____ Data excerpt
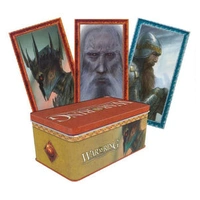 War of the Ring The Card Game Card Box and Sleeves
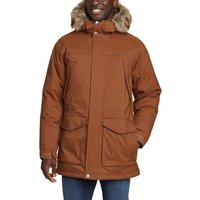 Eddie Bauer ® Superior Daunenparka Herren Rot Gr. XL von Eddie Bauer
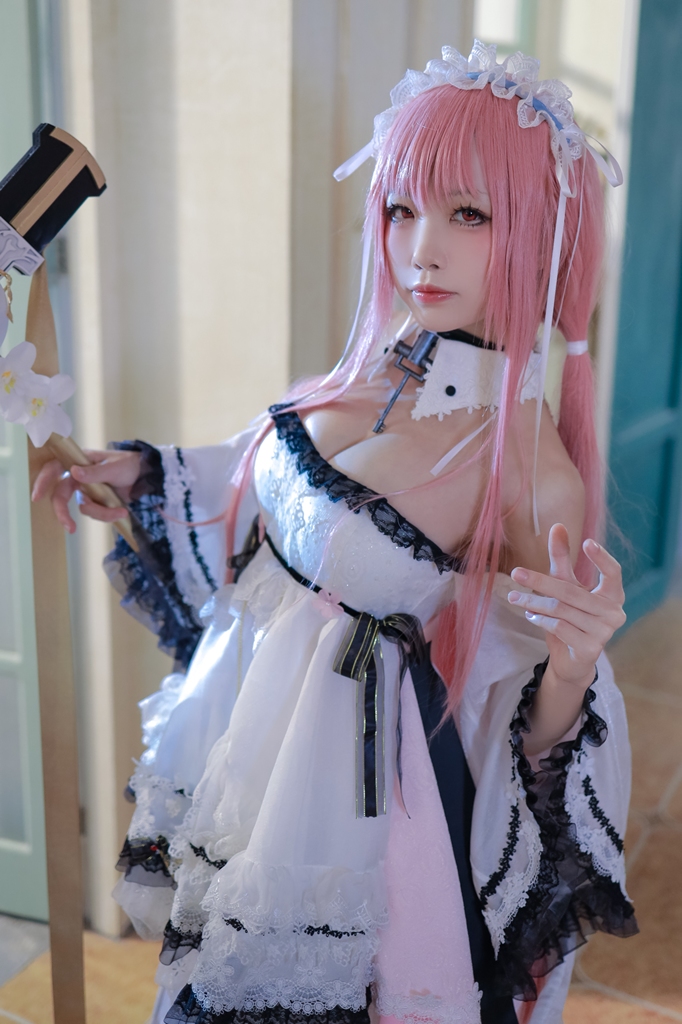 Aqua 水淼 – Perseus (Azur Lane) photo 4-4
________
Drop the images, then copy the data exactly.

### Answer section
 War of the Ring The Card Game Card Box and Sleeves
 Eddie Bauer ® Superior Daunenparka Herren Rot Gr. XL von Eddie Bauer
 Aqua 水淼 – Perseus (Azur Lane) photo 4-4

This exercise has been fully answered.